After some more exploring, one thing I realized is, that plotting (with pyfolio / quantstats) to evaluate the results is harder than it needs to be. Currently we have no timestamps easily available which are needed for direct plotting or using the above libraries.

The Demo_FinRL_Meta_Integrate_Trends_data_to_DOW_Jones.ipynb is a good example. It is done there, but with a (hacky) workaround using a Custom_DataProcessor / the yahoofinance dataframe timestamps.

A solution I could think of would be adding 3 functions to the env that return equal weight portfolio returns, buy-and-hold returns and the agent-returns including the timestamps. A pd.Series with DateTimeindex could work.

This would also be a good preparation for more advanced reward functions like (differential / deflated) sharpe, comparing to buy-and-hold etc. that rely on a return series.

What do you think?

rayrui312 commented 2 years ago

Great suggestions! Thanks a lot. We will consider adding them in the future. And if you have ideas on the specific implementation, you may share them with us through the Pull Request. We will much appreciate it.

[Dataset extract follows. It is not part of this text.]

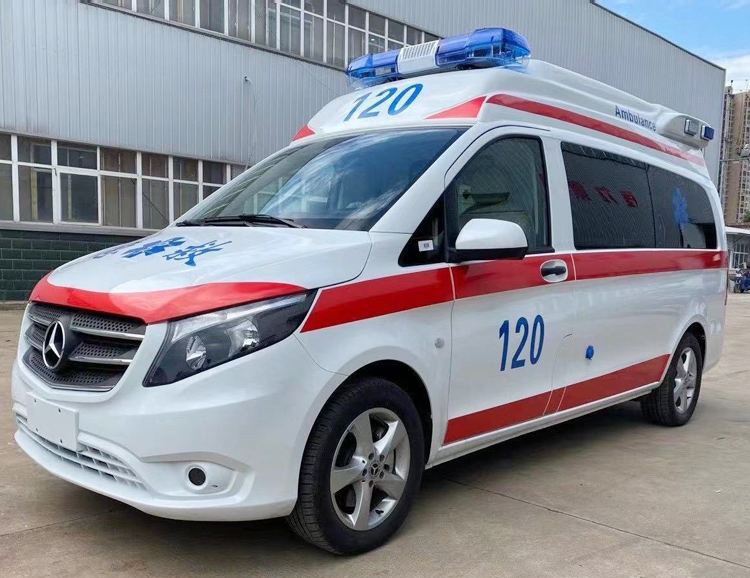 云霄县奔驰救护车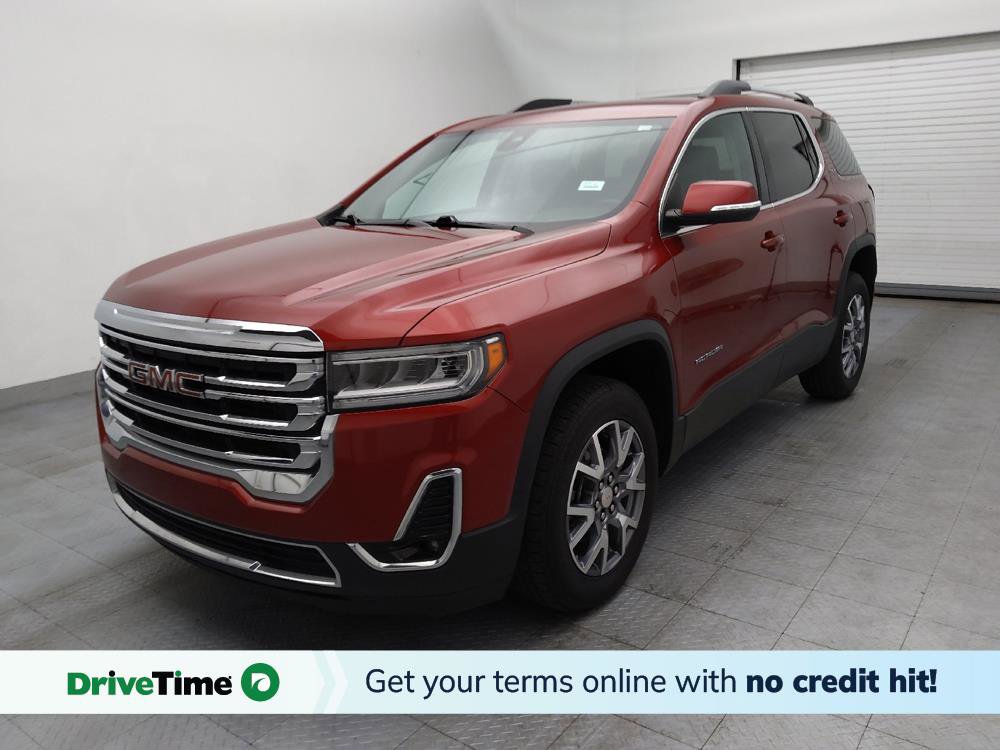 Used 2023 GMC Acadia SLT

cryptocoinserver commented 2 years ago

I think the issue/solution lies in return price_array, tech_array, turbulence_array in the data_processor / run function. If you would pass the whole dataframe all necessary data would be available. Not sure what best practice is, but I would suggest always using the main dataframe with all data. That way also would make it most flexible. Meaning the agent should also accept just the df instead of individual arrays. Additionally this part of Demo_MultiCrypto_Trading.ipynb raised one more question:

Why is it necessary to pass the array data twice? Via env(config=data_config) and directly to the DRLAgent_erl?

    #process data using unified data processor
    DP = DataProcessor(data_source,  **kwargs)
    price_array, tech_array, turbulence_array = DP.run(ticker_list, start_date
                                                       , end_date, time_interval, 
                                                       technical_indicator_list, 
                                                       if_vix)
    data_config = {'price_array':price_array,
                   'tech_array':tech_array,
                   'turbulence_array':turbulence_array}
    #build environment using processed data
    env_instance = env(config=data_config)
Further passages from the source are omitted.